Records supplied ::
== == ==

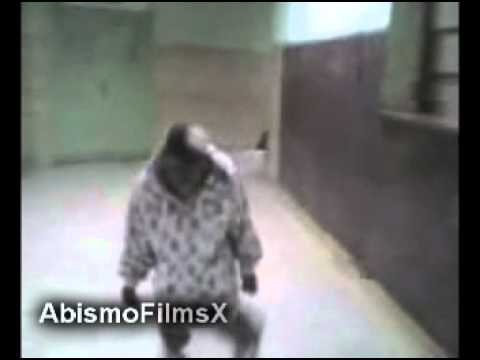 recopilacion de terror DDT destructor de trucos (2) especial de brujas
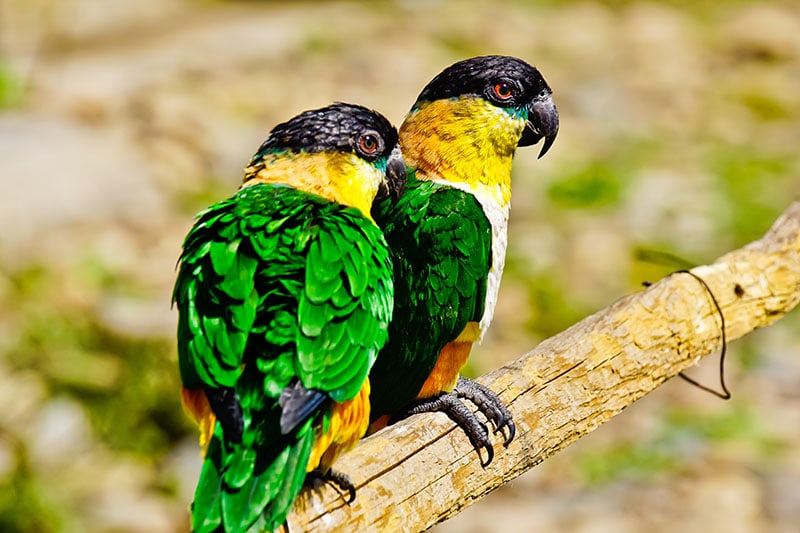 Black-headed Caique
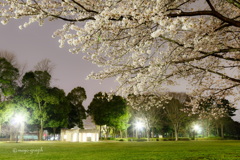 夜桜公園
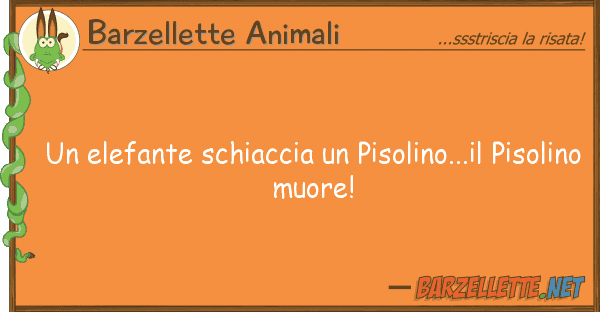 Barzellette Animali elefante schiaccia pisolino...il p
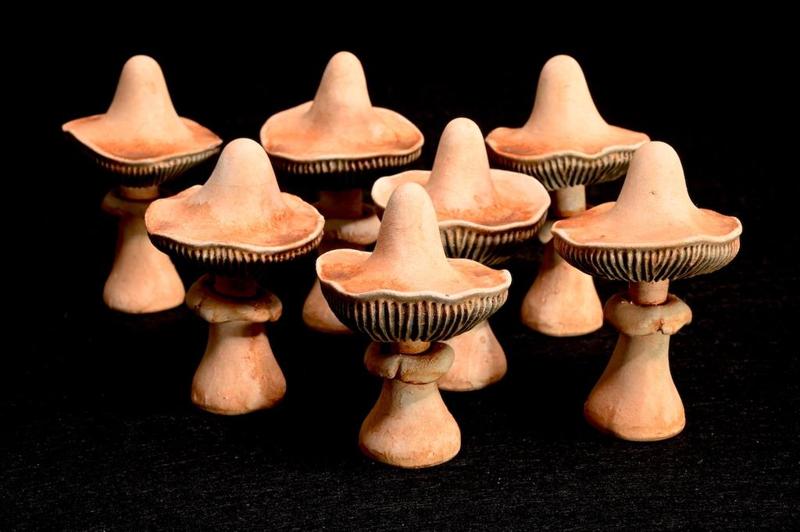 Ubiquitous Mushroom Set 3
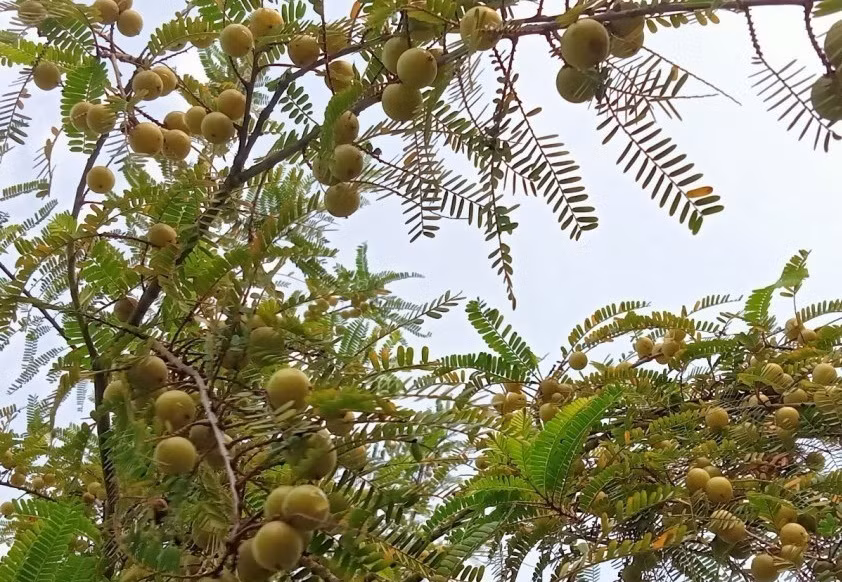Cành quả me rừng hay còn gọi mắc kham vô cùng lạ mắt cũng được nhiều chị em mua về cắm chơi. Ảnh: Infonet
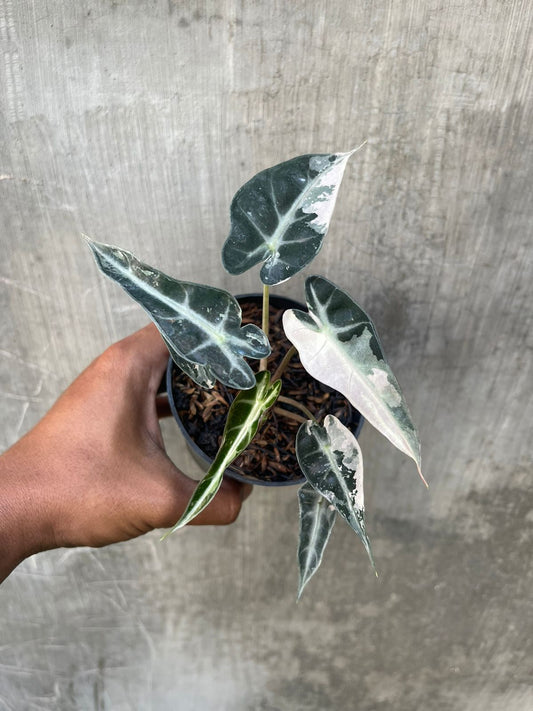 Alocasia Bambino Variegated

== == ==

Print the listing exactly, minus any pictures.

 recopilacion de terror DDT destructor de trucos (2) especial de brujas
 Black-headed Caique
 夜桜公園
 Barzellette Animali elefante schiaccia pisolino...il p
 Ubiquitous Mushroom Set 3
Cành quả me rừng hay còn gọi mắc kham vô cùng lạ mắt cũng được nhiều chị em mua về cắm chơi. Ảnh: Infonet
 Alocasia Bambino Variegated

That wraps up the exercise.